## 0. Imports

In [1]:
import utils.dataset_functions as df
import utils.user_features as uf
import utils.two_towers as ttn
import pandas as pd
import torch
from threading import Thread
from pathlib import Path
from tqdm.notebook import tqdm as progress_bar


(Path("dataset") / "processed").mkdir(parents=True, exist_ok=True)
data_dir = Path("dataset") / "unprocessed"
data_dir.mkdir(parents=True, exist_ok=True)

## 1. Download and write locally to CSV's

In [2]:
# Write files locally
dataset_types = ["likes", "listens", "dislikes", "unlikes", "undislikes"]
dataset = df.YambdaDataset('flat', '50m')
for dt in dataset_types:
    df.download_df(dataset=dataset, dataset_type=dt)

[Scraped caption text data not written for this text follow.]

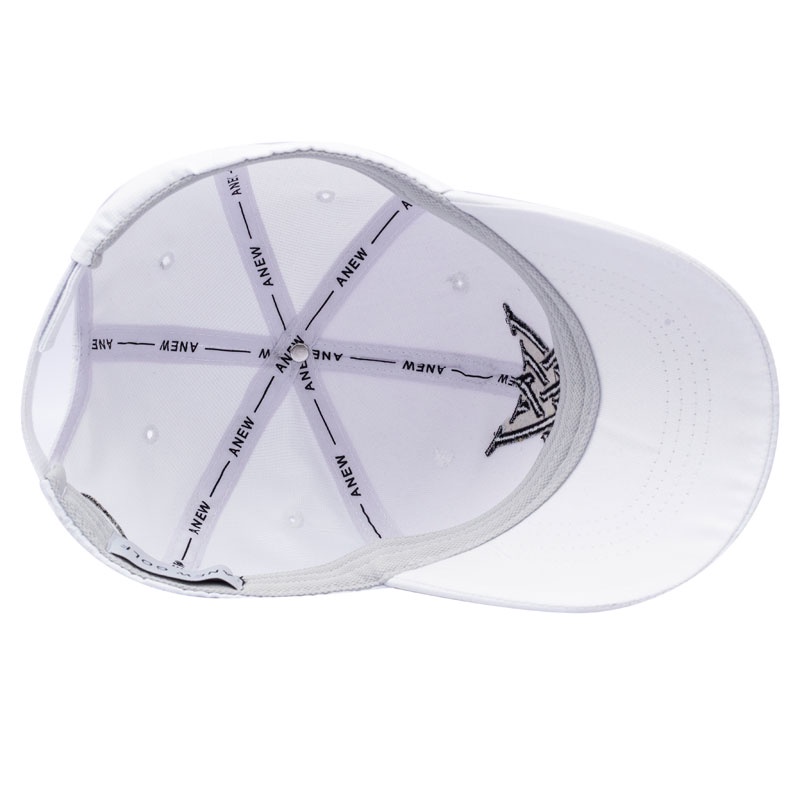 Mũ Lưỡi Trai Thời Trang Chơi Golf Cho Nam Nữ G4Jq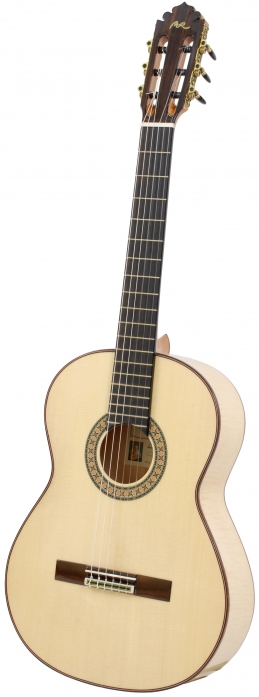 Rodriguez model D Arce Brillo klasick gitara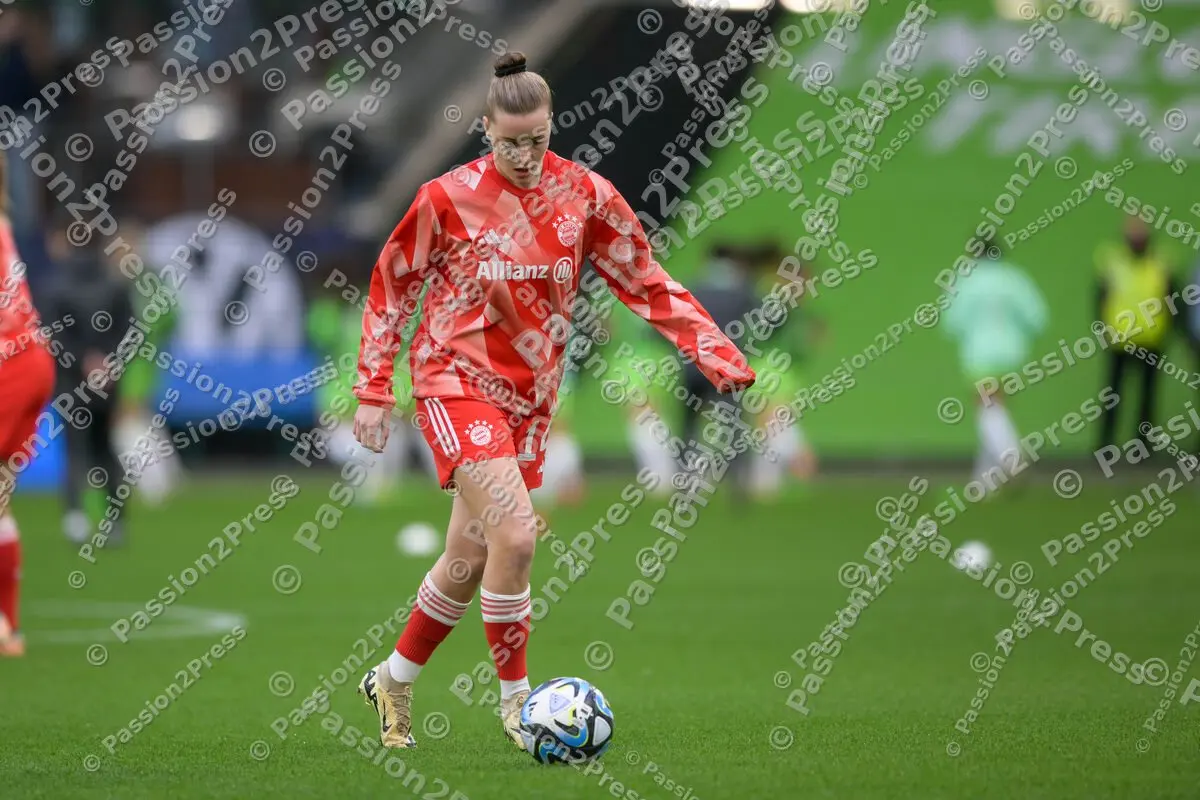 WOBFCB_20240323_0363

if not (data_dir / "embeddings.csv").exists():
    embeddings = dataset.audio_embeddings().to_pandas()
    embeddings.to_csv(data_dir / "embeddings.csv", index=False)
    del embeddings

## 2. Load Dataframes

In [None]:
# If not done before
if (Path("dataset") / "processed" / "merged.csv").exists():
    user_item_data = pd.read_csv(Path("dataset") / "processed" / "merged.csv", index_col=False)
    user_item_data["normalized_embed"] = user_item_data["normalized_embed"].apply(df.parse_embedding)
    # User like-dislike interactions
    likes = pd.read_csv(Path("dataset") / "processed" / "likes.csv", usecols=['uid', 'timestamp', 'item_id'])
    dislikes = pd.read_csv(Path("dataset") / "processed" / "dislikes.csv", usecols=['uid', 'timestamp', 'item_id'])

else:
    # User listen interactions
    listens = pd.read_csv(data_dir / "listens.csv", index_col=False)
    listens[listens["is_organic"] == 1]
    listens.drop("is_organic", axis=1, inplace=True)

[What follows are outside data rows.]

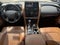 2024 INFINITI QX80 SENSORY 4WD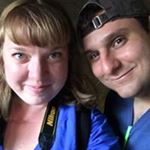 Profile Picture of jesse oropeza (@jesse.oropeza532) on Instagram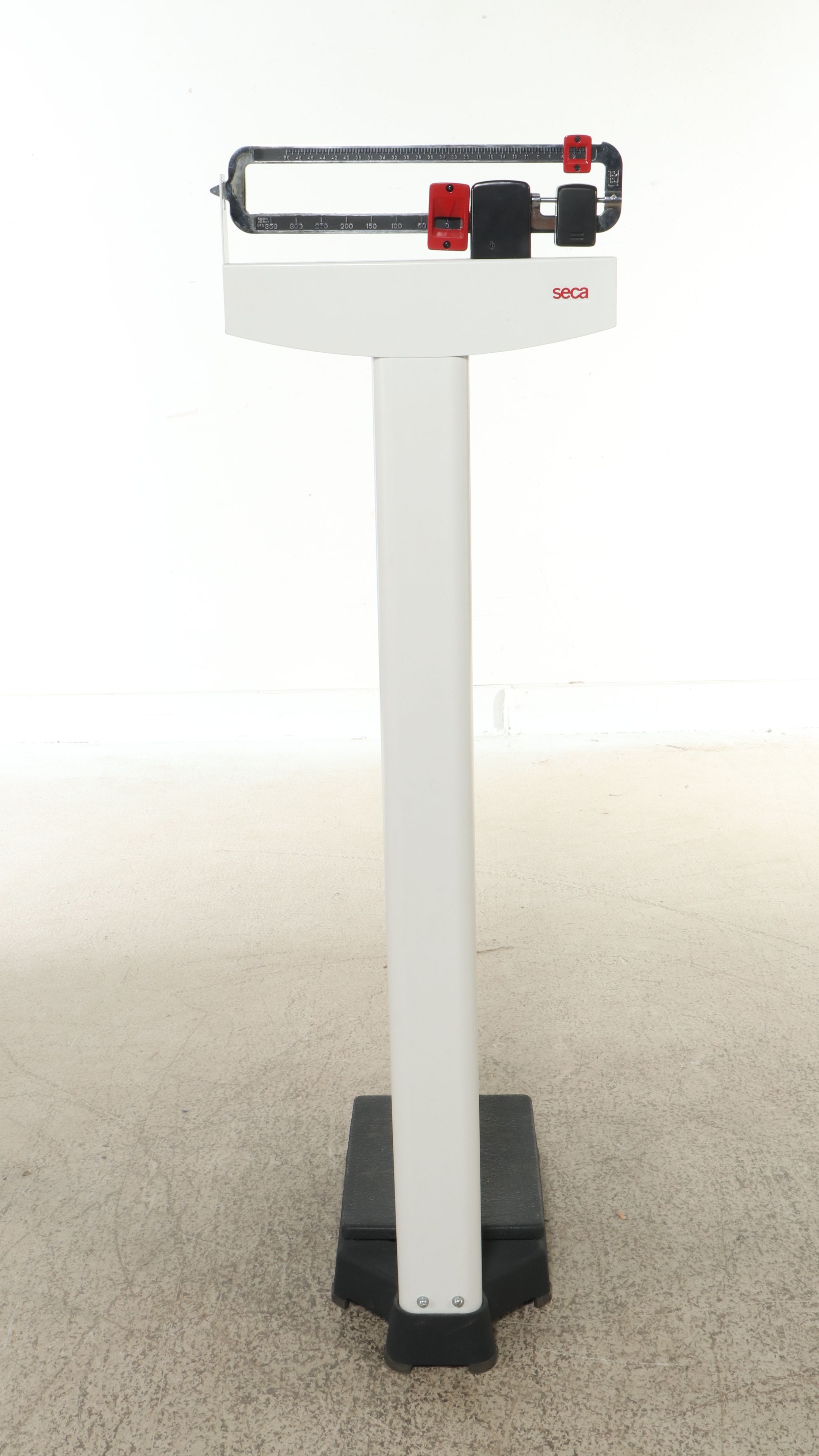 Seca Medical Patient Scale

    # User like-dislike interactions
    cols = ["uid", "timestamp", "item_id"]


    likes = pd.read_csv(data_dir / "likes.csv", usecols=['uid', 'timestamp', 'item_id'])
    dislikes = pd.read_csv(data_dir / "dislikes.csv", usecols=['uid', 'timestamp', 'item_id'])
    unlikes = pd.read_csv(data_dir / "unlikes.csv", usecols=['uid', 'timestamp', 'item_id'])
    undislikes = pd.read_csv(data_dir / "undislikes.csv", usecols=['uid', 'timestamp', 'item_id'])

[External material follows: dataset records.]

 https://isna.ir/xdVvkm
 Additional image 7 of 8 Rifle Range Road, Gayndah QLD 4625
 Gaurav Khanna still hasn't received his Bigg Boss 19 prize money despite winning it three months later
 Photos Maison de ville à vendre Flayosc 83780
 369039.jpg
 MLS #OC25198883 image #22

    # due to computational limitations, we constrain our dataset to users to have between 500 and 5000 timestamps.
    listens = listens.groupby('uid').filter(lambda x: 100 <= len(x) <=5000)
    # We only take data containing songs that appear at least a 1000 times in the interaction dataset
    cut_off = 500
    counts = listens['item_id'].value_counts()
    temp = []
    for id, count in counts.items():
        if count >= cut_off:
            temp.append(id)
    listens  = listens[listens['item_id'].isin(temp)]
    

    # Embeddings
    embeddings = pd.read_csv(data_dir/'embeddings.csv', usecols=['item_id', 'normalized_embed'], index_col=False)
    embeddings["normalized_embed"] = embeddings["normalized_embed"].apply(df.parse_embedding)

    # Merge the song embeddings and user listens dataset 
    user_item_data = pd.merge(listens, embeddings, on='item_id', how='inner')

    valid_items = user_item_data['item_id'].unique()
    likes  = likes[likes['item_id'].isin(valid_items)]
    dislikes  = dislikes[dislikes['item_id'].isin(valid_items)]
    unlikes  = unlikes[unlikes['item_id'].isin(valid_items)]
    undislikes  = undislikes[undislikes['item_id'].isin(valid_items)]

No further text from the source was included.